WHAT THE EXERCISE ASKS → Please set down, unchanged, the line containing "T-shirt MAL UN QUATRE-VINGT / Chien Chien" and all the lines that follow it until the data below ends.

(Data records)

▼

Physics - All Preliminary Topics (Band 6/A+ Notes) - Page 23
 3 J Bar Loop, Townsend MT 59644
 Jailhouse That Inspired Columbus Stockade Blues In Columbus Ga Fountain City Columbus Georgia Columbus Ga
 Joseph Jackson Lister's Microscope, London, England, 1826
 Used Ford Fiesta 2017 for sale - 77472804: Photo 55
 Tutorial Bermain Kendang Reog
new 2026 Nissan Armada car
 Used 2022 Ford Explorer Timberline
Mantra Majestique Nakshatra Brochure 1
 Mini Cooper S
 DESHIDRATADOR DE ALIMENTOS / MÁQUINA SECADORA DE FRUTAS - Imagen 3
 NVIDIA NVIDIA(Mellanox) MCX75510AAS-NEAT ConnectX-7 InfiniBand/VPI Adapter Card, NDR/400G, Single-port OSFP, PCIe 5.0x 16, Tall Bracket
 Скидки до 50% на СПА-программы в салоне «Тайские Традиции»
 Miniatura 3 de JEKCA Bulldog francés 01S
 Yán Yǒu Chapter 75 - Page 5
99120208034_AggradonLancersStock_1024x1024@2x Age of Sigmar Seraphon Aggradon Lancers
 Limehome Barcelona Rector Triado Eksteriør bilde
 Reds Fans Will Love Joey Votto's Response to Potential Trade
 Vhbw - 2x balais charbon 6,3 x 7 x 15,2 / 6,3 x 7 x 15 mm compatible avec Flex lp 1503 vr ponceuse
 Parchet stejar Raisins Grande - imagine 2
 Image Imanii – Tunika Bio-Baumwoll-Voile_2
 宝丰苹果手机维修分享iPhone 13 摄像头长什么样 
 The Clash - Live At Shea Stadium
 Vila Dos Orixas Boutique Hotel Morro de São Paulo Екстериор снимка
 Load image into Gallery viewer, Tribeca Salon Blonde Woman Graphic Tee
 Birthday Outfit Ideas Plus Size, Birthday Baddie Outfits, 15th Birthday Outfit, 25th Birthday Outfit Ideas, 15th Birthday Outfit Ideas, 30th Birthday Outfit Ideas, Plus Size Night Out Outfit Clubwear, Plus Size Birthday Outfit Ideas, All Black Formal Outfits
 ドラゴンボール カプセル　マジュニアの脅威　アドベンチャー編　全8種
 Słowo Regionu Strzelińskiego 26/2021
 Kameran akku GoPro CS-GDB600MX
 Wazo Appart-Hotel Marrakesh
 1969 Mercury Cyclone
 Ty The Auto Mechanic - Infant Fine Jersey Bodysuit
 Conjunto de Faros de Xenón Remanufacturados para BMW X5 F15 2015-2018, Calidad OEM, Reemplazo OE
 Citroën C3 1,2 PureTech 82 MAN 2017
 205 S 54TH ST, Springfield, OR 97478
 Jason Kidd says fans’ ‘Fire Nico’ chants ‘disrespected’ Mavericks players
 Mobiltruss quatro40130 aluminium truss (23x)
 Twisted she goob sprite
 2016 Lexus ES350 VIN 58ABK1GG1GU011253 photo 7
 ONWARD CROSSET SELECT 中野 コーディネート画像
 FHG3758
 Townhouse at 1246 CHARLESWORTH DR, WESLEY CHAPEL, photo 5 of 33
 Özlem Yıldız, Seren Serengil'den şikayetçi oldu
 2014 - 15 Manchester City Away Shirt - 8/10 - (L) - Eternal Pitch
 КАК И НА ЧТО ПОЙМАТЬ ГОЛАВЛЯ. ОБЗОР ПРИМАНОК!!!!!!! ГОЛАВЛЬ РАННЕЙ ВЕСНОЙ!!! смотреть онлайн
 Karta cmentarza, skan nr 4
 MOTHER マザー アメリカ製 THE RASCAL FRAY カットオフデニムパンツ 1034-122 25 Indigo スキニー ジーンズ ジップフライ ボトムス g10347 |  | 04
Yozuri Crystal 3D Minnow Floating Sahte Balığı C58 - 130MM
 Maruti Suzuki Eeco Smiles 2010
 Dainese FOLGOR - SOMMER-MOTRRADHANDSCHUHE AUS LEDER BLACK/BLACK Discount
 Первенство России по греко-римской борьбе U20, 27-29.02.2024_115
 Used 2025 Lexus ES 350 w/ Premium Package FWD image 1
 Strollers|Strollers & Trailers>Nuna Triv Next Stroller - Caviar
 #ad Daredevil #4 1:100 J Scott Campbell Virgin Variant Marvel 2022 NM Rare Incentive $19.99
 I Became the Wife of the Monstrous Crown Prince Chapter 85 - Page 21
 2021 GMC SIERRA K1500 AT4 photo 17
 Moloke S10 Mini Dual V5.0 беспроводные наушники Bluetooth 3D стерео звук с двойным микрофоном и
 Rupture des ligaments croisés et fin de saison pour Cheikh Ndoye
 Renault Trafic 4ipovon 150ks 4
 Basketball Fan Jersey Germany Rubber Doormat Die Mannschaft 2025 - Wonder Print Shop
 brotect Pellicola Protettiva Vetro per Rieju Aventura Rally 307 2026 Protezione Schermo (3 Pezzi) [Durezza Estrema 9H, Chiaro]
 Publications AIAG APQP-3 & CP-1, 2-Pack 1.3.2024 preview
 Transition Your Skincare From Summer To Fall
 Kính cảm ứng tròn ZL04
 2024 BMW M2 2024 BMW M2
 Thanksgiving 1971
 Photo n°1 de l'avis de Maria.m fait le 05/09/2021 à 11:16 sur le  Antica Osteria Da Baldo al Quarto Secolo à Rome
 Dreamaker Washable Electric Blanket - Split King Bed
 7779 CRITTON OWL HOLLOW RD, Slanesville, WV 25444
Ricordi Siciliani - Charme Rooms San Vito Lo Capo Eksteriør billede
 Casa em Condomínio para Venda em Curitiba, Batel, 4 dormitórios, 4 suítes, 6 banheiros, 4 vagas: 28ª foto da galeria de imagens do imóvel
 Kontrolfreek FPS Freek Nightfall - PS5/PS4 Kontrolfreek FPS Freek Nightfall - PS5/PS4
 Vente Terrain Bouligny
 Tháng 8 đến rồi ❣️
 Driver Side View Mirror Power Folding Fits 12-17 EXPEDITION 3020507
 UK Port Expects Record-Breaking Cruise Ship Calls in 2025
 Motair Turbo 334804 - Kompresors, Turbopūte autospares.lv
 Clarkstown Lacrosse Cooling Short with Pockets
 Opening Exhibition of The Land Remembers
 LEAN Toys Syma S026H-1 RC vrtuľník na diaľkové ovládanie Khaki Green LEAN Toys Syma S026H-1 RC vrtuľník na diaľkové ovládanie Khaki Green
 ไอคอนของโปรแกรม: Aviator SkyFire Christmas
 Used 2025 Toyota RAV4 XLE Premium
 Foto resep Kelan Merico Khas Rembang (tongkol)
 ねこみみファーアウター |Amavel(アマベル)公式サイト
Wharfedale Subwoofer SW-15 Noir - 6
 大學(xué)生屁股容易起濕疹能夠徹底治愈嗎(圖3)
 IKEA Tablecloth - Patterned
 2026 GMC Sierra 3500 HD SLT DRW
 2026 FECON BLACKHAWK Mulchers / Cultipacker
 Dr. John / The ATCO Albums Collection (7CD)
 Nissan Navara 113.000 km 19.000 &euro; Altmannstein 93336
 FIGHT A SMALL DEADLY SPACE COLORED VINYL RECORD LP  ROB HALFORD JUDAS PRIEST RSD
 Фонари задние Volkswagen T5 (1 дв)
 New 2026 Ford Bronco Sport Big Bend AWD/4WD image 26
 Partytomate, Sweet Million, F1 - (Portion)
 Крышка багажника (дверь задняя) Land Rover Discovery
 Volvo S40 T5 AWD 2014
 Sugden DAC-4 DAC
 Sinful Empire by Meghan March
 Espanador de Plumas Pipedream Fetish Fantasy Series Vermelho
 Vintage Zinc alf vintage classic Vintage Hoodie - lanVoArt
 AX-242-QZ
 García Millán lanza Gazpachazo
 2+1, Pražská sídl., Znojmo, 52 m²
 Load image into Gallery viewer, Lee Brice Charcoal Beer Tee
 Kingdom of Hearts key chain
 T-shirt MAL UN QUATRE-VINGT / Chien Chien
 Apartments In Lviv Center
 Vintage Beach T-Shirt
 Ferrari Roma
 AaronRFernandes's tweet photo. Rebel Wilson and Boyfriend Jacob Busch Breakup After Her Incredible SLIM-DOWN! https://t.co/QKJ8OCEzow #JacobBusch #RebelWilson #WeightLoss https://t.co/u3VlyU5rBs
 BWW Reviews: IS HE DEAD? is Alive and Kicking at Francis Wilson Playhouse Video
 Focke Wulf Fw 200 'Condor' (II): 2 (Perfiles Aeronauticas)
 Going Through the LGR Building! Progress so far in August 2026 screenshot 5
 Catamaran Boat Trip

▲

SOLUTION TO THE PROBLEM →
 T-shirt MAL UN QUATRE-VINGT / Chien Chien
 Apartments In Lviv Center
 Vintage Beach T-Shirt
 Ferrari Roma
 AaronRFernandes's tweet photo. Rebel Wilson and Boyfriend Jacob Busch Breakup After Her Incredible SLIM-DOWN! https://t.co/QKJ8OCEzow #JacobBusch #RebelWilson #WeightLoss https://t.co/u3VlyU5rBs
 BWW Reviews: IS HE DEAD? is Alive and Kicking at Francis Wilson Playhouse Video
 Focke Wulf Fw 200 'Condor' (II): 2 (Perfiles Aeronauticas)
 Going Through the LGR Building! Progress so far in August 2026 screenshot 5
 Catamaran Boat Trip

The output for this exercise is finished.